As inelegibilidades não possuem natureza penal, devemos insistir. Elas são, como brilhantemente preleciona Dalmo Dallari, condições sem cuja observância não se pode alcançar o status jurídico de candidato.

Pode-se afirmar que aquele condenado por abuso de poder nas eleições está, desde logo, submetido a prazo de inelegibilidade de oito anos, o que independe de qualquer sentença ou acórdão que “imponha” essa restrição eleitoral. Não é o órgão judicial a fonte de tal inelegibilidade, mas o texto expresso da lei. O juiz não impunha uma inelegibilidade por 3 anos; apenas declarava em sua sentença o que estava estipulado na lei em vigor. Se a extensão do prazo mudou em virtude de lei posterior, o novo prazo se aplicará automaticamente.

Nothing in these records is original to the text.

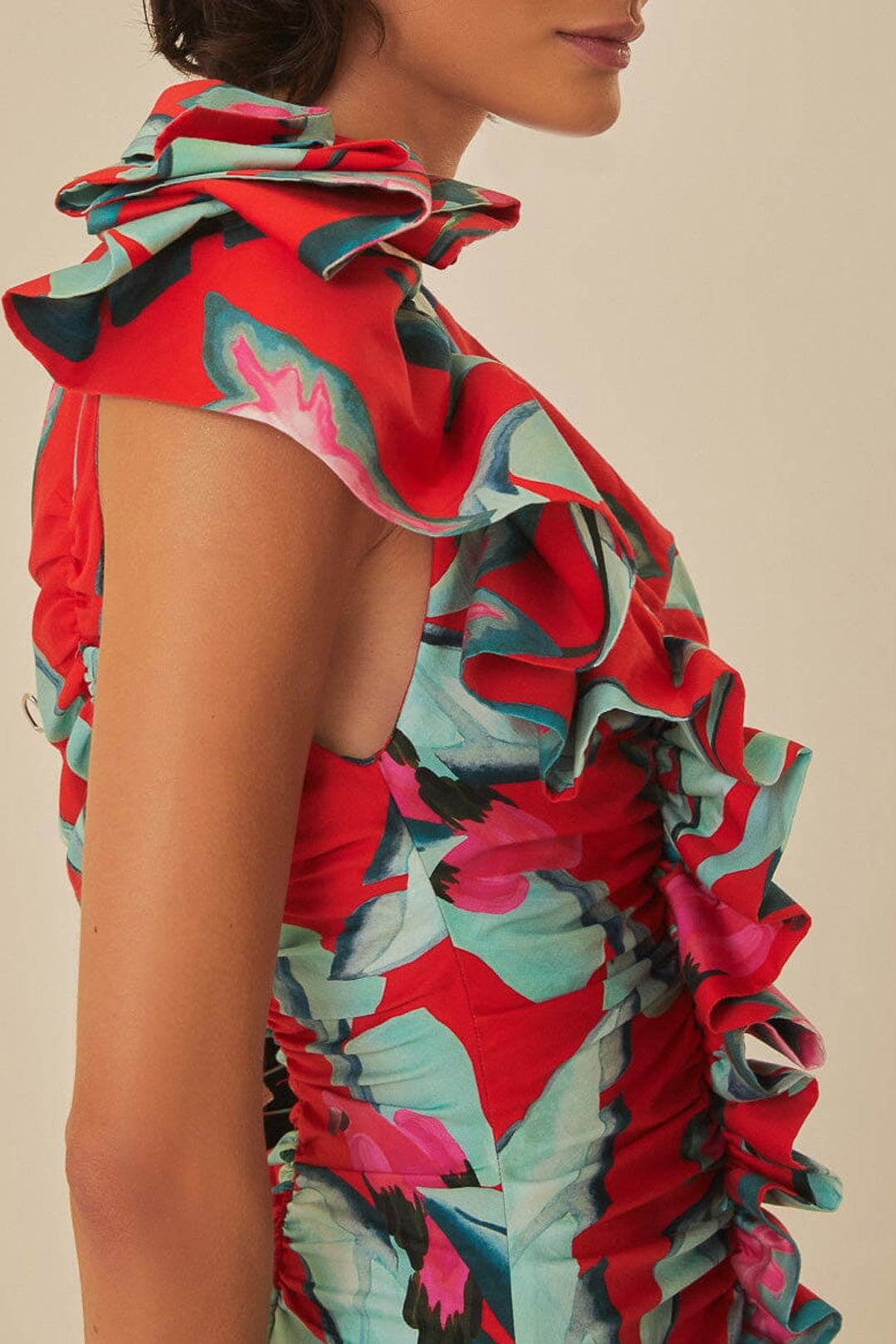 Robe midi à motif feuillage d'été en coton - Rouge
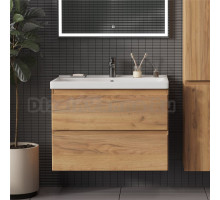 Тумба с раковиной SanStar Riana 80 подвесная, дуб крафт золотой, раковина Fest 80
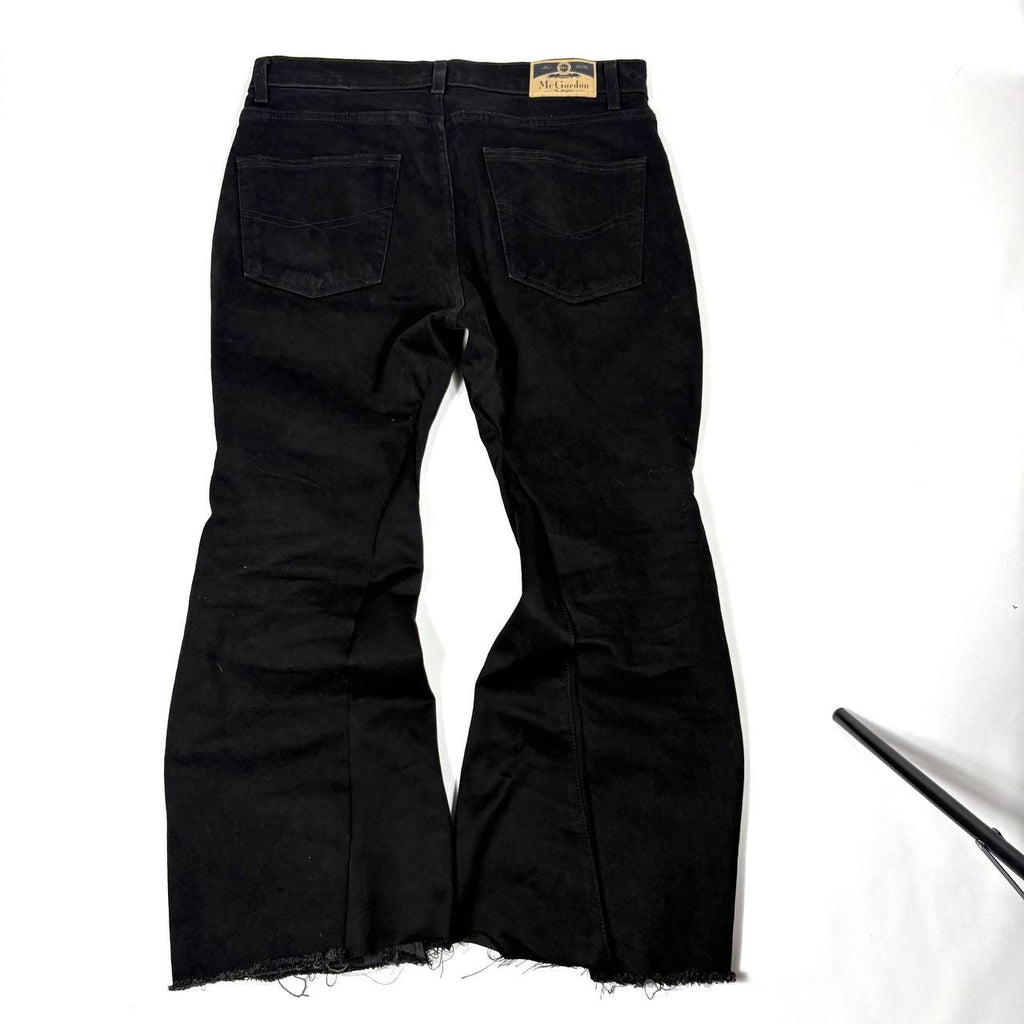 Ręcznie robione czarne dzwony jeansowe: Y2K Goth Punk Alt Streetwear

Sendo objetivo, os que tiveram contra si definida judicialmente uma inelegibilidade por três anos em virtude de abuso de poder estão submetidos agora ao novo prazo de oito anos fixado pela Lei da Ficha Limpa.

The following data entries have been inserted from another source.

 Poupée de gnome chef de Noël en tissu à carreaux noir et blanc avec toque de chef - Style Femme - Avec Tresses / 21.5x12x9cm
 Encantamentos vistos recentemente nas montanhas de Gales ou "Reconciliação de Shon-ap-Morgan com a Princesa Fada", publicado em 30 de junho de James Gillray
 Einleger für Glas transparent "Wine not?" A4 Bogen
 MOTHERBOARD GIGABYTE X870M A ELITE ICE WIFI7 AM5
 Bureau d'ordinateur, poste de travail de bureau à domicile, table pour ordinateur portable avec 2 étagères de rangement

Essa matéria foi expressamente resolvida pelo Supremo Tribunal Federal quando do julgamento da Lei da Ficha Limpa. A nossa Suprema Corte afirmou nem mesmo haver ofensa à coisa julgada em tais hipóteses.

Para que não reste dúvida, pedimos licença para transcrever parte substancial do voto do relator, acolhido pela maioria dos ministros:

“É essa característica continuativa do enquadramento do cidadão na legislação eleitoral, aliás, que também permite concluir pela validade da extensão dos prazos de inelegibilidade, originariamente previstos em 3 (três), 4 (quatro) ou 5 (cinco) anos, para 8 (oito) anos, nos casos em que os mesmos se encontram em curso ou já se encerraram. Em outras palavras, é de se entender que, mesmo no caso em que o indivíduo já foi atingido pela inelegibilidade de acordo com as hipóteses e prazos anteriormente previstos na Lei Complementar no 64/1990, esses prazos poderão ser estendidos – se ainda em curso – ou mesmo restaurados para que cheguem a 8 (oito) anos, por força da lex nova, desde que não ultrapassem esse prazo” (voto condutor proferido no julgamento das ADCs nº 29 e 30 e da ADI no 4.578)."

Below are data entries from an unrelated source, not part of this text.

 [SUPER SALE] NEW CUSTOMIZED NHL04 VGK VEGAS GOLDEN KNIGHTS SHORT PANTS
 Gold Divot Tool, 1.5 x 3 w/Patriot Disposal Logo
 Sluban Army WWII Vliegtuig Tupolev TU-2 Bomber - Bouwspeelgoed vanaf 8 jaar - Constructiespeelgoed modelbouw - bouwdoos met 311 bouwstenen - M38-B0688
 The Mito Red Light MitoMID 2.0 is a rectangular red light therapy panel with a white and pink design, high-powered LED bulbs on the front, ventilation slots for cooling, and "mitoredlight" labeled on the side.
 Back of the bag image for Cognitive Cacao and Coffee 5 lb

Como se vê, a Lei da Ficha Limpa promoveu alteração substancial nos prazos de duração das inelegibilidades. Mais que isso, suas novas disposições se aplicam a todas as hipóteses de inelegibilidade verificadas anteriormente à sua vigência, cujos prazos, mesmo os eventualmente mencionados em decisões judiciais transitadas em julgado, estão agora ampliados por força da vontade do soberano popular convertida em lei.

Márlon Reis tem 45 anos. É advogado especialista em direito eleitoral e partidário. Foi um dos idealizadores da Lei da Ficha Limpa.
Luciano Caparroz Santos, 58 anos, advogado especialista em Direito Eleitoral e cofundador do MCCE-Movimento de Combate a Corrupção Eleitoral.